New York and Connecticut theater reviews and news

New York City Theater

"Fun Home"
Circle in the Square Theater

“I want to know what’s true,
Dig deep into who
And what and why and when
Until now gives way to then.”

                        from “Fun Home”

Going back to go ahead -- finding the links and the disconnects, the truths and the façades -- informs “Fun Home,” the heartbreaking, funny, teary, joyous musical that started at the Public before moving to Broadway.
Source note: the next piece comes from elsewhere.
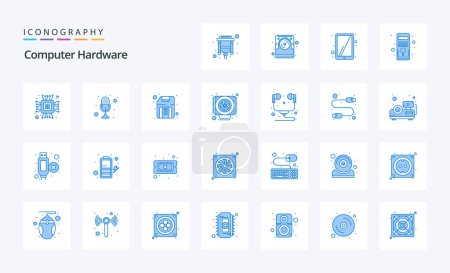 Illustration for 25 Computer Hardware Blue icon pack - Royalty Free Image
The Pulitzer Prize finalist flows differently uptown, its focus more sprawling, but it remains a work of brilliance, a salute to history, an attempt to make form out of chaos using great good humor and doses of sadness and frustration. It is, in short, a work at once domestic and universal, punctuated by catchy music, intelligent lyrics, a sensitive libretto and performers who, by inhabiting their worlds, inhabit ours as well.

Based on a graphic novel by Alison Bechdel, the memoir tells of the family dynamics that freed her and imprisoned her father. “My dad and I both grew up in the same small Pennsylvania town,” she says. “And he was gay, and I was gay, and he killed himself, and I became a lesbian cartoonist.” That’s the nutshell around which librettist / lyricist Lisa Kron and composer Jeanine Tesori build their structure.

The title refers to the funeral home run by Bruce. Wife Helen and their three children – Alison, Christian and John – take Bruce’s profession for granted. (He’s also a high school English teacher and amateur historian.) Funerals are accepted parts of their lives: the kids can be as at ease playing in a coffin as pretending to be an airplane. So adjusted are they that they make up a hilarious commercial called “Come to the Fun Home.”

But there are worms eating away at the family fabric. The time is the late 1960s to early 2000s (Stonewall to civil unions), a time of great change in the gay world. Closeted Bruce has to hide his desires, even neglect his children, while pursuing furtive hook-ups. For Alison, played by three actors at various ages (8, 19 and 43), discovery into “who, what, why and when” is held in check until she’s in college and falls for a fellow student, prompting the giddy song, “I’m Changing My Major to Joan.”

Writing to her parents about her lesbianism, she gets no reaction from Bruce but Helen responds with the moving “Days and Days,” about how knowing her husband’s secrets led to a life of “posing and bragging and fits of rage.” Yet, even in such a family, “every so often there was a rare moment of perfect balance,” says Alison.

Under Sam Gold’s precise direction, the musical’s complexities are mirrored in the characters’ ambivalences. Michael Cerveris is all repressed passion, conveying Bruce’s torturous path with a catch in his voice, a hesitation that mirrors his being torn between libido and duty. Cerveris depicts Bruce as a man splitting apart, bursts of anger competing with desire, shame with longing.

He deserves his Tony nomination as do Judy Kuhn for her introspective, long-suffering Helen, Beth Malone for her searching older Alison, Emily Skeggs for her exuberant middle Alison and Sydney Lucas for her tomboyish, uncomprehending little Alison.

Except for the over-loud orchestra under music director and keyboardist Chris Fenwick, this is an impeccable production of a show that, whatever its commercial fate, will live on. Not only does it reflect an era of significant societal changes, it reinforces that line from Tony Kushner’s “Angels in America”: “The world only spins forward.”